» **THE TASK**:
Given the records underneath, please repeat exactly the lines from the line with "[recto] Tule Lake, Newell, Calif.-- K." through the line with "Бойцовская порода, продам", passing over any picture.

» **RECORDS FOR THIS TASK**:
= = =

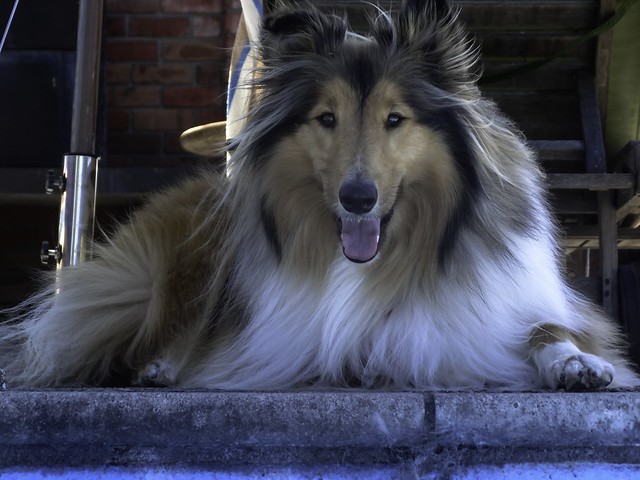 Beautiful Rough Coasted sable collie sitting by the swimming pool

= = =

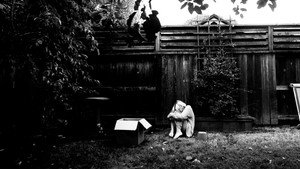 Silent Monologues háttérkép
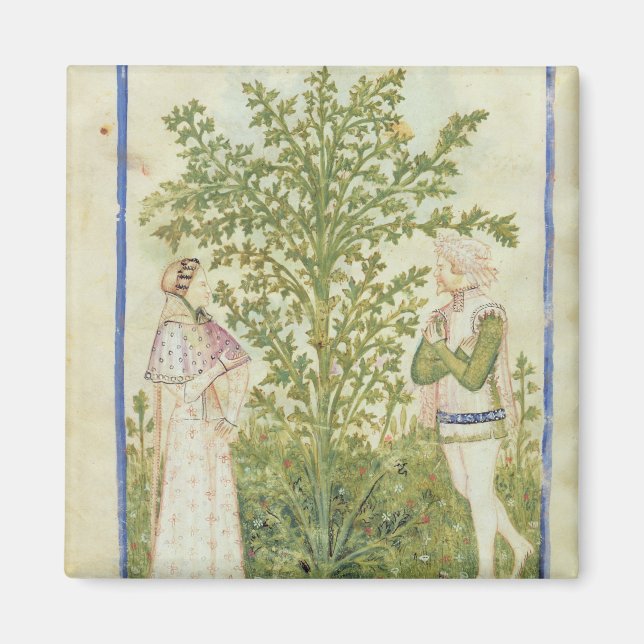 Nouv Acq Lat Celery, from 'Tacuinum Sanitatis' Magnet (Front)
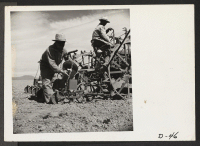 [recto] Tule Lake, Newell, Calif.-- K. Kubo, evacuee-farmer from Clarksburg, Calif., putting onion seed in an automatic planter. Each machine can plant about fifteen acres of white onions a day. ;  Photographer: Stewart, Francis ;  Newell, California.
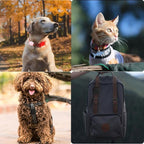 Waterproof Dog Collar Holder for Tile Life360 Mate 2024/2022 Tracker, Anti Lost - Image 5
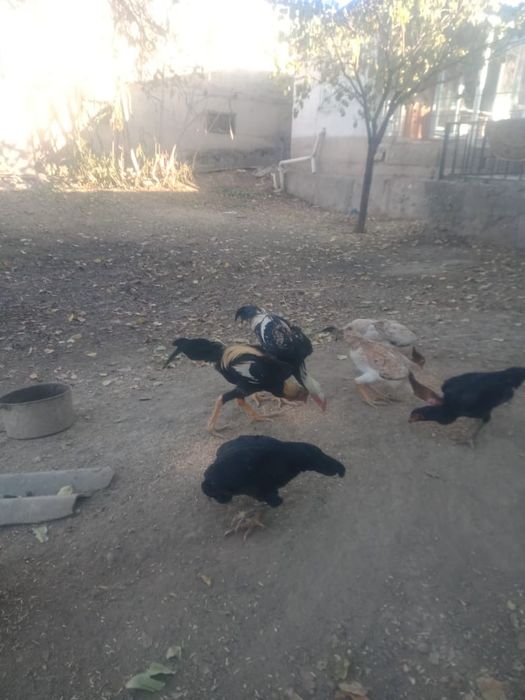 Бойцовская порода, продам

= = =

» **RESULT OF THIS TASK**:
 [recto] Tule Lake, Newell, Calif.-- K. Kubo, evacuee-farmer from Clarksburg, Calif., putting onion seed in an automatic planter. Each machine can plant about fifteen acres of white onions a day. ;  Photographer: Stewart, Francis ;  Newell, California.
 Waterproof Dog Collar Holder for Tile Life360 Mate 2024/2022 Tracker, Anti Lost - Image 5
 Бойцовская порода, продам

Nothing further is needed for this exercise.